Patients on the non-surgical arm will receive Eylea® from the start of the study.
Thereafter all patients are followed up with monthly Eylea® injections for 3 months, then 2-monthly Eylea® injections for 9 months.
The risks of surgery include:
- Red eye and bruising
- Post-operative inflammation (controlled with steroid eyedrops)
- Post-operative low pressure OR high pressure (checked on Day 1 after surgery)
- Cataract (if cataract surgery has not been done before, and is not undertaken at time of surgery)
- Allergies to eyedrops or antiseptic used in surgery
Rare but potentially sight-threatening risks of surgery include:
- Infection
- Retinal Detachment
- Recurrent or worsening bleeding in or around the eye
Vision will be expected to be poorer than normal with gas in the eye after surgery - however if patients experience severe pain especially with increasing red eye, or sudden loss of vision on returning home or in the weeks following surgery they should contact the study team to be seen as soon as possible.
The main risk of the clot-busting medication TPA when used for heart attacks or strokes is increased risk of bleeding from any wound or injury - however as the volume given for the TIGER study is very small, and only used under the retina, it is unlikely patients will experience this risk.
The risks of Eylea® treatment are well recognised, and include:
- Red eye and bruising
- Inflammation
- High Pressure
- Retinal Detachment (very rare)
- Infection (very rare)
As with surgery, if patients experience severe pain especially with increasing red eye, or sudden loss of vision on returning home or in the weeks following any injection they should contact the study team to be seen as soon as possible.
How can I be referred / Refer a patient?
If you or a relative has a SMH of 15 days or shorter onset, you or your primary doctor/ophthalmologist can refer you to the nearest recruiting site.
If you have a patient you would like to refer for the TIGER Study please see which nearby sites may be recruiting (study-sites).

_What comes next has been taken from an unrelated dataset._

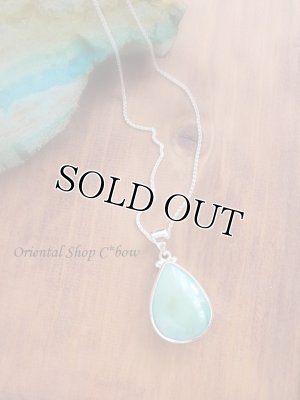 画像11: ◆ターコイズ：アンティークトルコ石＊ペンダントトップ：ドロップ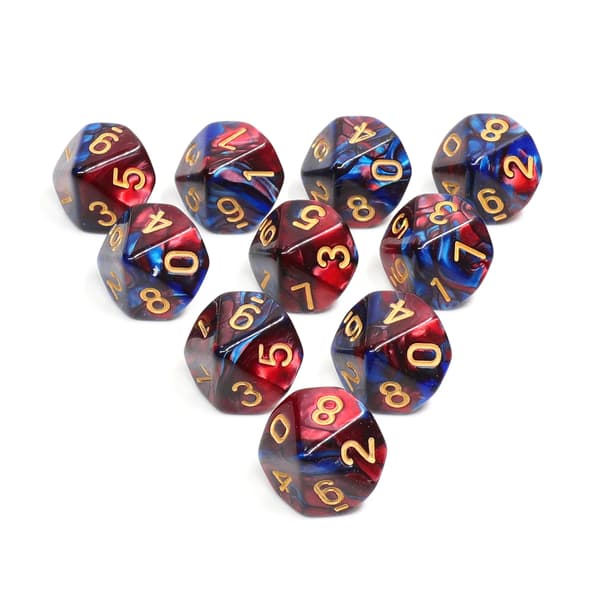 Shadowburg RPG-tärningar Tiosidiga D10-tärningar 0-9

Key inclusion criteria are as follows:
- Aged 50 and above
- Submacular haemorrhage secondary to AMD (with or without previous treatment) of 15 days or fewer onset (to the nearest estimation)
- Vision between count fingers (CF) and Early Treatment of Diabetic Retinopathy (ETDRS) visual acuity of 70 letters (~20/40 or ~6/12 Snellen)
Irrespective of the treatment delivered, timely assessment and treatment of SMH is key to prevent any permanent vision loss. To be included on the TIGER Study surgery must be delivered at a maximum of 18 days from SMH onset (7 days from screening if onset is unknown).